その後の場面でもクラリネットとトランペットがユニークな動きをするので統一感をもたせつつ、ユニークさのある1楽章に編曲できているはずです。
・ビブラホン
意外性を与えるために2楽章でビブラホンを使用しています。これも『コンチェルト・グロッソ』の際に模索した小編成吹奏楽の活用方法です。小編成の音量バランスでは相対的にビブラホンが大きく聞こえるので神秘的なサウンドに貢献しているはずです。これは今後も死ぬまで使おうと思っています。
ビブラホンの余韻の部分は意図的に音価を長くし、残響を残すように記譜してあります。
こういう小編成だとどうしてもパーカッションがシンプルに鳴らざるを得ず、学生吹奏楽での使用を考えると練習モチベーションの低下に直結しがちです。パーカッションにはある程度の困難さを与えるのも大事かなと。
などなど、決して単調なサウンドにならないように様々なオーケストレーションの技術を駆使して作られているので、その点に注目して聞いていただければ、また演奏を楽しんでいただければと思います。
それらの工夫によって、小編成吹奏楽ならではの繊細で自由度の高いパフォーマンスを引き出すことを目的としています。
・2楽章のパーカッション
昔編曲した際はティンパニを入れてあったのですが、今回の作り直しで大幅に変更しました。
当時のアイディアを書き残すために2人のパーカッション奏者と識者に任意に選択させるスタイルにし、様々なパーカッションを書いてみようかとも思いましたがやめました。
今回の再編曲と出版は、少子化の流れがあって小編成吹奏楽需要のために企画されています。が、であれば、普通の学校が縮小したのであればビブラホンくらいあるでしょ?という解釈でもあります。
サスペンドシンバルの繊細な使い方も見どころにできるので、これはこれでベストな仕上がりだと自負しています。
・3楽章のティンパニ
イントロの最後に原曲に無いおいしい音を追加した。デデデン!
この追加音の根拠は3楽章(原曲4楽章)に何度か出てくる裏拍の強調された音。
動画4分27秒とか、
動画4分48秒の高音木管の跳ね上がりとか。
それらの存在を根拠として、イントロの最後にもティンパニを追加しましたよ、ということです。かなりかっこいいぶっこみ感になっているはずです。
・ティンパニの大太鼓的用法
同様の古典的書法はティンパニの書き方でも採用し、音階を無視して「大太鼓」として運用する方法です。

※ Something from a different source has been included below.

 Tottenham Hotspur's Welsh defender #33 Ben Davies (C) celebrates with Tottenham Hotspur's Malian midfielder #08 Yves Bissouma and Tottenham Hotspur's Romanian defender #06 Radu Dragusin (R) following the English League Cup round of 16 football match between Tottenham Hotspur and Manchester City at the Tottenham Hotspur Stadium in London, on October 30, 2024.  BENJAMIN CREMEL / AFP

動画だと4分35秒など、ティンパニの音程を意図的に外したままにしています。
これは小編成吹奏楽というジャンルにおいて頻出するティンパニの台数不足や、ペダル式ティンパニのメンテナンス不安に対応するための施策でもあります。不協和音が気にならないポイントでは迫力を出すために大太鼓として鳴らしています。これは4楽章(編曲内容的には3楽章)で数回出てきます。

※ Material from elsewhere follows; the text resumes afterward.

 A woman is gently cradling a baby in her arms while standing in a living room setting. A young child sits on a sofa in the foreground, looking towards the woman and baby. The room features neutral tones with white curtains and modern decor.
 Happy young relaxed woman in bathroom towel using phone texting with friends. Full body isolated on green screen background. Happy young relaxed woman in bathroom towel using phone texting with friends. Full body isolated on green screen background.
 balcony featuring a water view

DTMの編曲のレッスンでは「今の時代にこういう書き方をする必要は無い」 と指導していますが、生演奏用途の編曲の場合には、難易度低下と時代性の表現のためにこのような書き方をすることがあります。
とはいえ、こういう書き方は常時行ってよいわけではなく、調性のはっきりした古典的な音楽の展開部(一時転調時)に限ってギリギリ許容されるものだということは絶対に忘れてはいけません。
(補足。この曲とは関係ありませんが、逆に現代音楽となった場合には音程を無視してドカドカ叩かせるのはあり、とも言えます。)
・3楽章のパーカッション
3楽章で合わせシンバルがようやく登場します。
小編成だと合わせシンバルは大きな音になりすぎるので、昔の編曲ではあえて使っていませんでした。サスペンドシンバルを叩く程度の方がバランスが良いです。

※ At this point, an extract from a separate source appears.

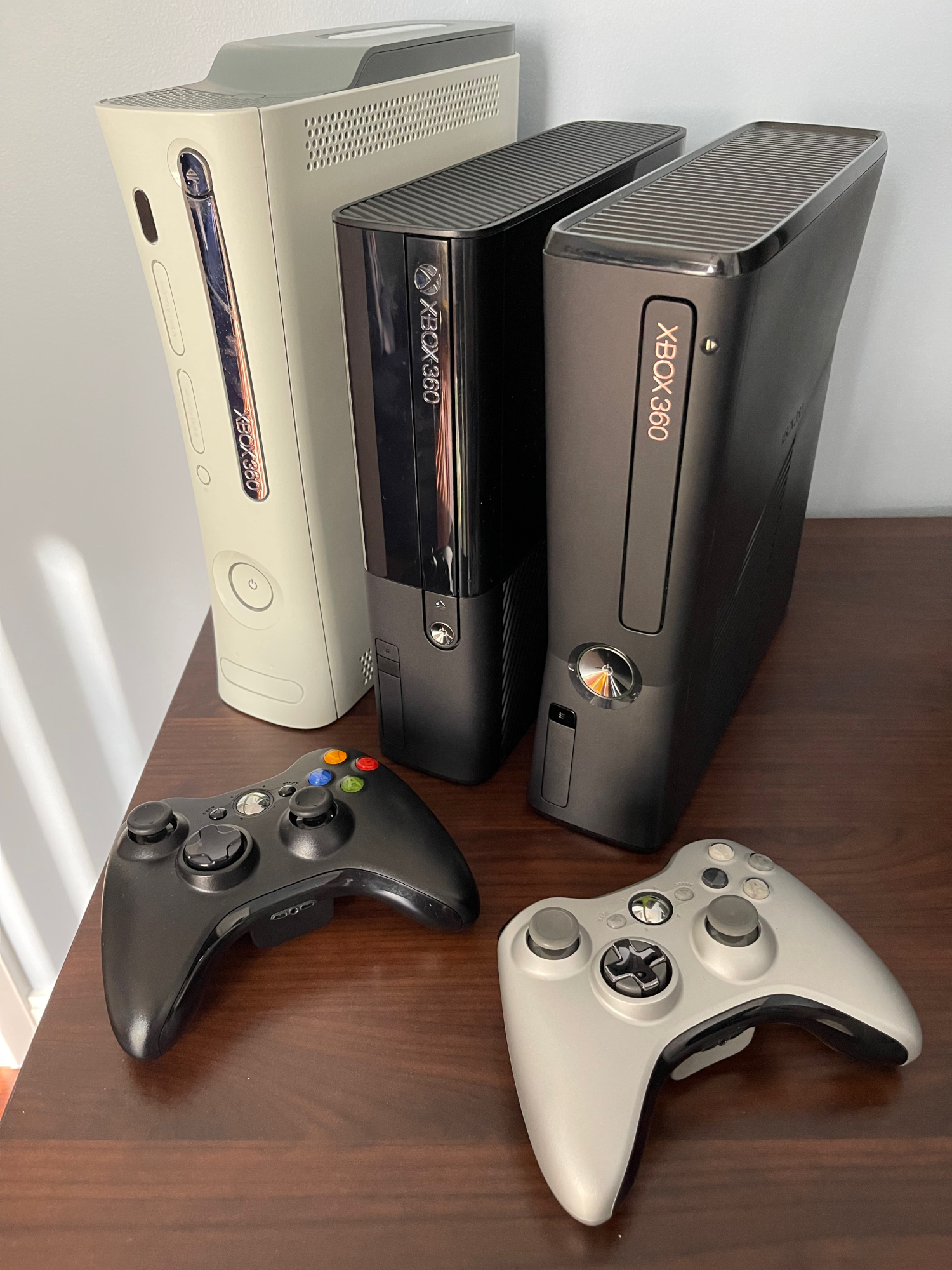 My Xbox 360 consoles from over the years. Xbox 360 (Original), Xbox 360 E and the Xbox 360 Slim.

パーカッション奏者が2人だけなのでかなり持ち替えが忙しくなってしまうのですが、とっておき感が出せるので良いかなと。
それまで使わなかった重たい楽器をここ一発という使い方をするのは、パーカッション奏者に求められる集中力を養うためにも重要なので過酷な教育的配慮でもあります。こういうシンバルが良い音で鳴らせると本当の意味での上手いパーカッション奏者としてのアピールにもなります。
・最後の金管
エンディング直前は金管を順番に重ねる。
トランペットは未熟な奏者でも無理なく演奏できる上Fと、オプション譜として上Abを記述しました。
オプションのAbに対して他の楽器のハモり方を最適化するようにそれぞれにオプションを書こうかとも思いましたが、煩雑になるので省略。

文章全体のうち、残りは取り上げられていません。